Although both corrective advertising and affirmative disclosures are forms of fencing-in relief that are well within the Commission's remedial authority, the standard for imposing corrective advertising is significantly more stringent than that for an affirmative disclosure. In imposing corrective advertising, the Commission normally relies on extrinsic evidence of the existence of lingering false beliefs created by past advertising. In certain cases, however, it may be possible to presume the existence of such false beliefs based on the nature and extent of the advertising campaign. Warner-Lambert, 562 F.2d at 762-63.(4) An affirmative disclosure remedy, on the other hand, requires only that the disclosure be "reasonably related" to the alleged violations. In my view, it is important to distinguish between corrective advertising and affirmative disclosures because the Commission should not evade the more demanding standard for corrective advertising where it is clearly applicable.

There appears to be little basis for Part V.A. of the order when it is viewed as corrective advertising. There is no direct evidence that CSI's ads and sales materials created or contributed to a lingering false impression that UVR exposure through sunlight and tanning has the health and safety benefits represented by the company. Moreover, I am not persuaded that it would be appropriate to presume that the company's message -- that UVR exposure is beneficial -- would endure in light of pervasive messages to the contrary.

By issuing this consent order against CSI, the Commission comes perilously close to lowering its standard for imposing corrective advertising by erasing the already blurred dividing line between that form of fencing-in relief and affirmative disclosures. Such a change is one that I cannot endorse.

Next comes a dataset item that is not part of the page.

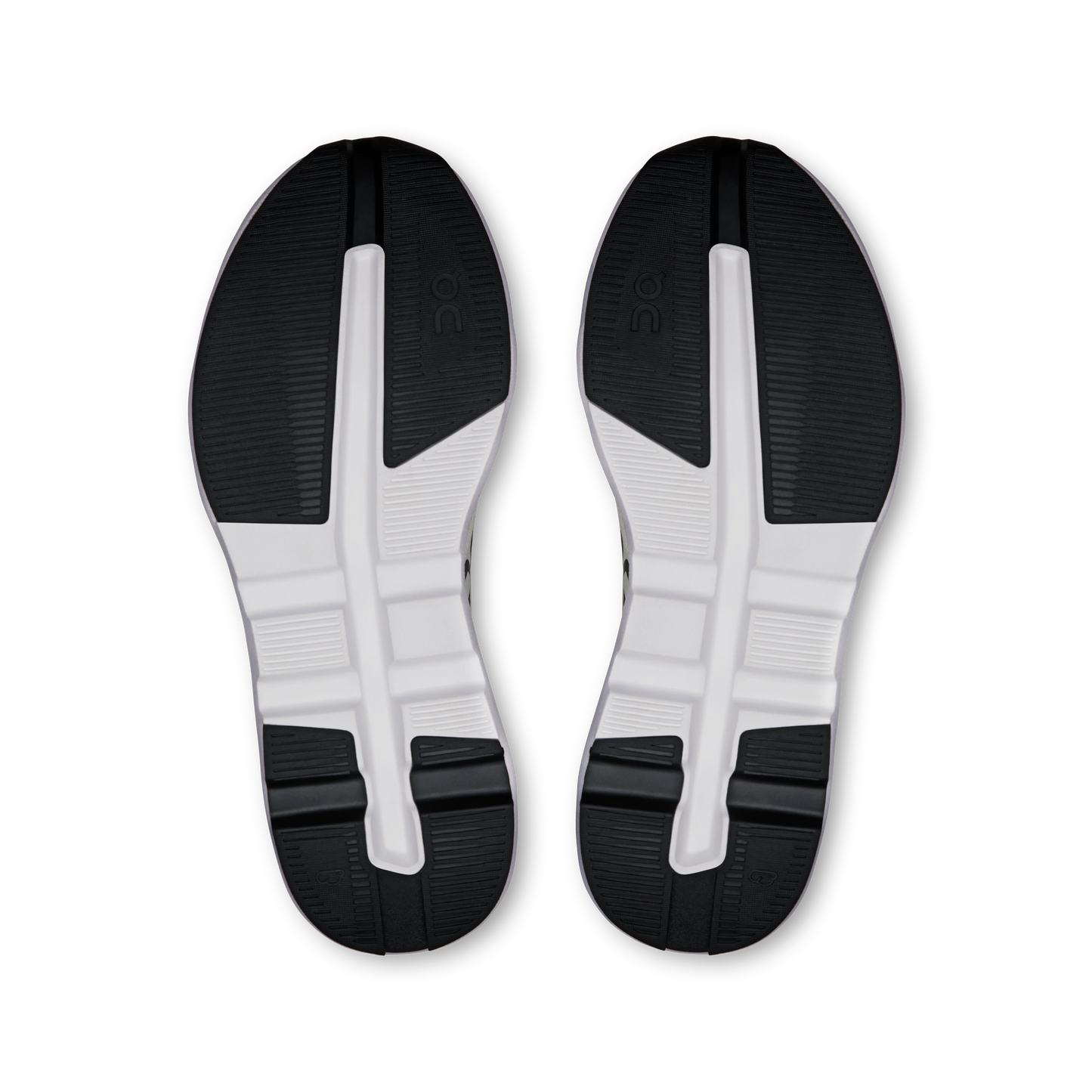 Cloudzone Ice | Black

1. Part V.A. requires CSI to include the following statement in any advertising and promotional materials disseminated directly to consumers or through purchasers for resale (except television advertising, billboards and advertising in magazines sold only by subscription for which half or more of the readership is comprised of tanning or beauty salon professionals): "CAUTION: Tanning in sunlight or under tanning lamps can cause skin cancer and premature aging -- even if you don't burn." This disclosure is applicable to all of respondent's products that contain a sunscreen ingredient providing a sun protection factor (SPF) of less than 2 and must be made until CSI spends $1.5 million on dissemination. If CSI does not expend this amount within 2½ years after the service of the order, the untriggered disclosure then becomes applicable to all forms of advertising until the required amount is spent.

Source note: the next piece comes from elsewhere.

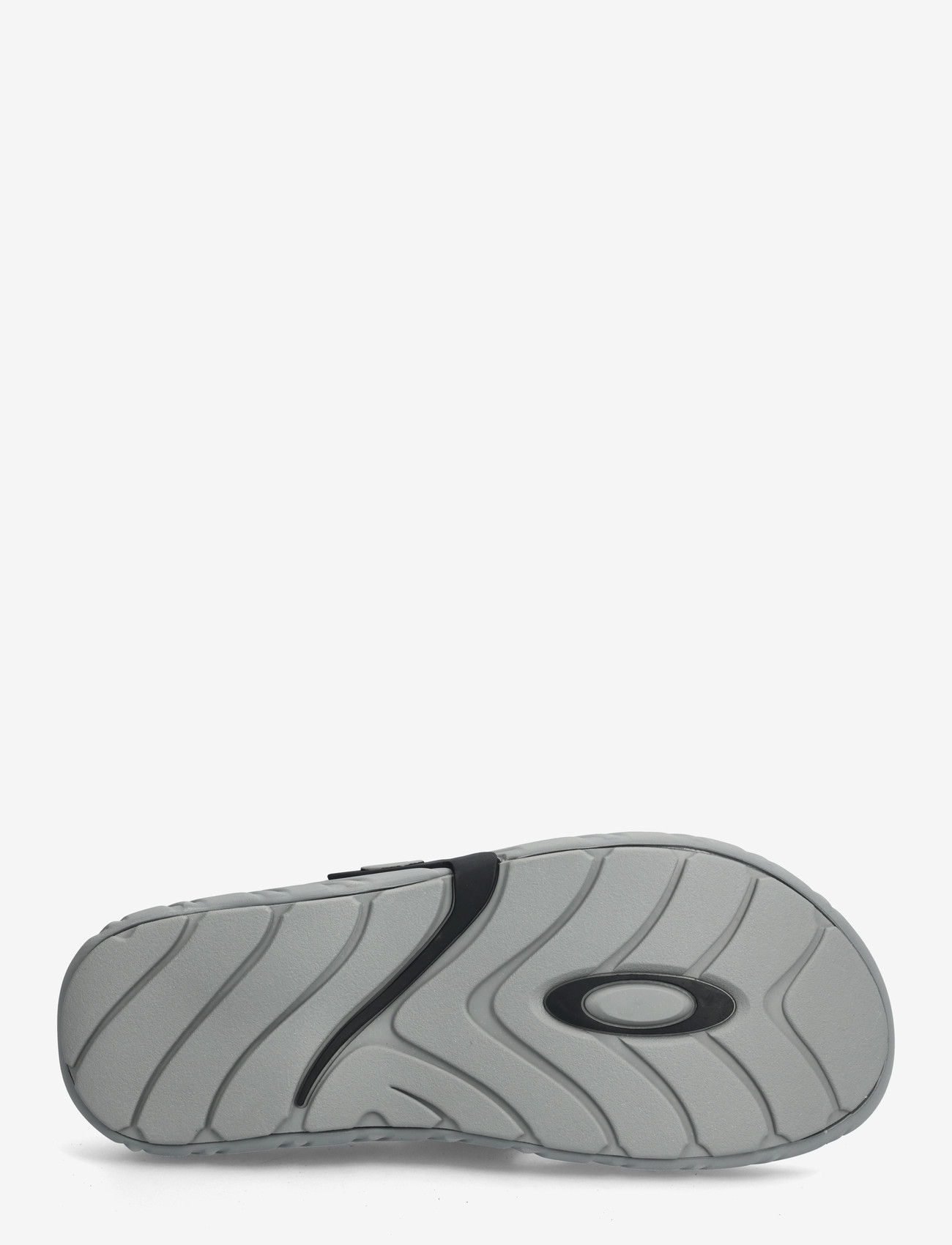 OAKLEY - OPERATIVE FLIP FLOP - klip-klapper - cement - 4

2. It is difficult to draw bright lines between these possible forms of fencing-in relief, and I am not suggesting that the Commission forgo ordering affirmative disclosures in all circumstances in which the disclosures, while targeted primarily at the prevention of deception from future claims, may also incidentally affect a possible lingering public misimpression created by past advertising. This situation is not the case presented here.

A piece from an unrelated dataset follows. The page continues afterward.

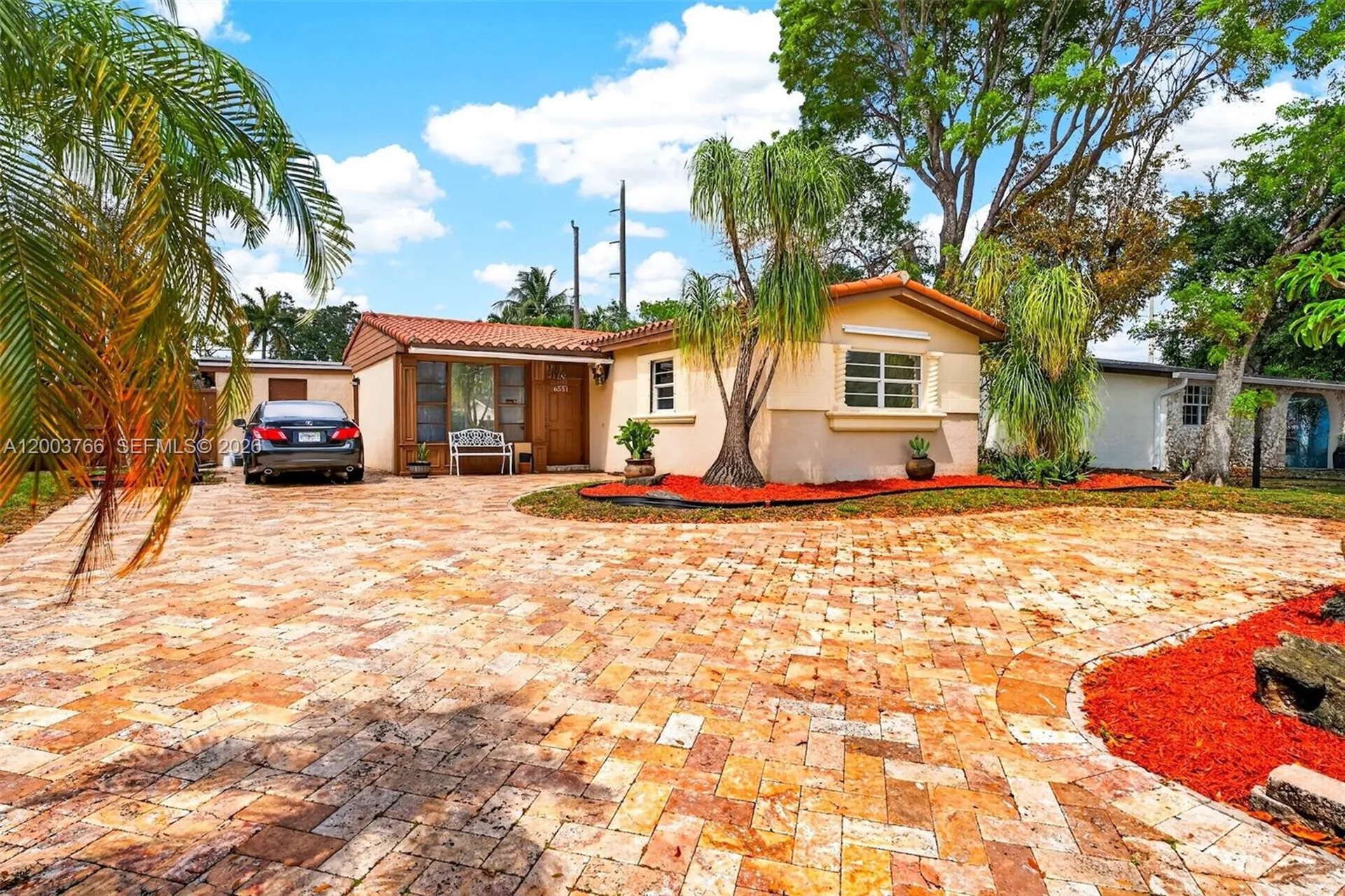 6551 Sherman Street Hollywood FL 33024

3. In addition to prohibiting misrepresentations about the effects of UVR exposure and tanning and unsubstantiated claims about the performance, safety, benefits, or efficacy of products or services used in connection with tanning, the consent order requires two additional affirmative disclosures (Parts V.B. and V.C.) that are triggered by claims about the safety or health benefits of exposure to sunlight or indoor UVR. The language of these triggered disclosures is similar to that of the untriggered disclosure. The triggered disclosures apply to labeling and packaging --forms of advertising exempted from the untriggered disclosure -- and, after the untriggered disclosure requirement runs out, to all other advertising and promotional material. The order (Part VI) also requires CSI to send a letter to distributors and retailers of the company's tanning products that describes the Commission's enforcement action and advises them to stop using ads and promotional materials that contain any of the representations prohibited by the order or face losing CSI's business.

4. See, e.g., Eggland's Best, Inc., Docket No. C-3520 (Aug. 15, 1994) (Statement of Roscoe B. Starek, III).